* **INSTRUCTIONS TO FOLLOW**: The lines you should transcribe are those from the one containing "Weather Camera Image" to the end of the listing below, exactly, with pictures left out.

* **GIVEN MATERIAL**:
########################################

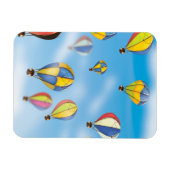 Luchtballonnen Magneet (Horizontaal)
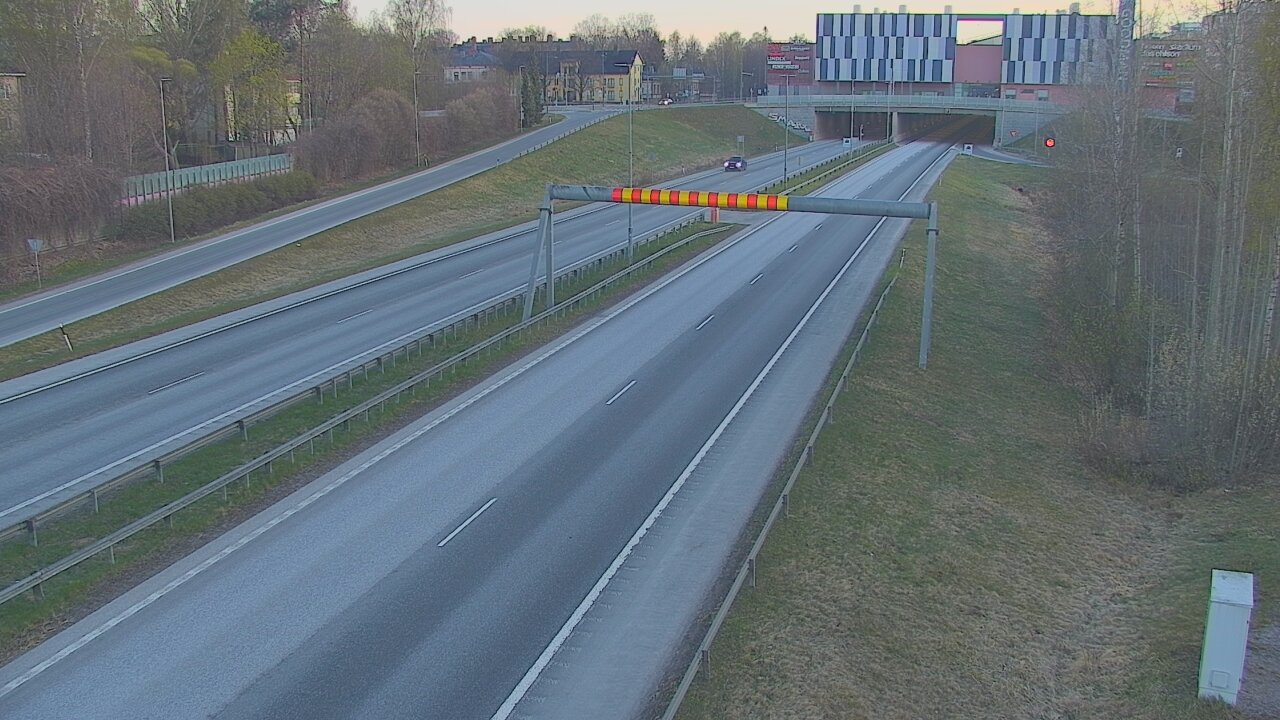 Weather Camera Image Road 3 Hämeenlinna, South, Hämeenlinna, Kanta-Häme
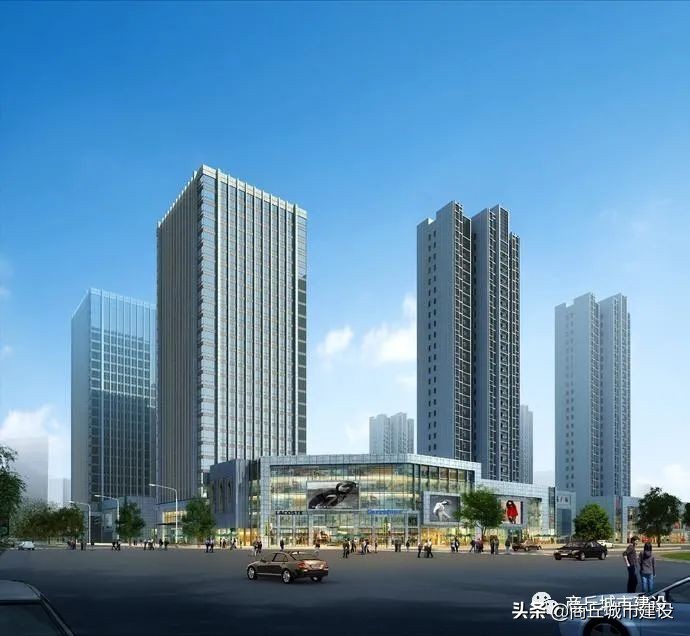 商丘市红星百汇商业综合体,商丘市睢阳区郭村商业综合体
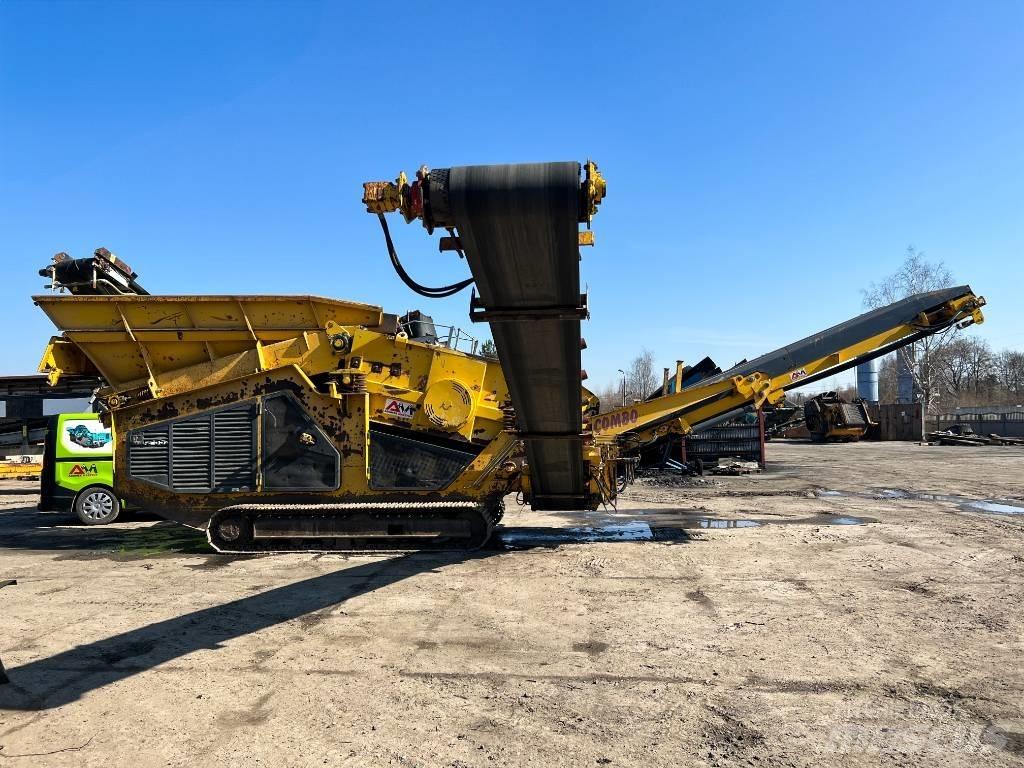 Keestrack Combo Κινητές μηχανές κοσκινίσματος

########################################

* **YOUR SOLUTION**:
 Weather Camera Image Road 3 Hämeenlinna, South, Hämeenlinna, Kanta-Häme
 商丘市红星百汇商业综合体,商丘市睢阳区郭村商业综合体
 Keestrack Combo Κινητές μηχανές κοσκινίσματος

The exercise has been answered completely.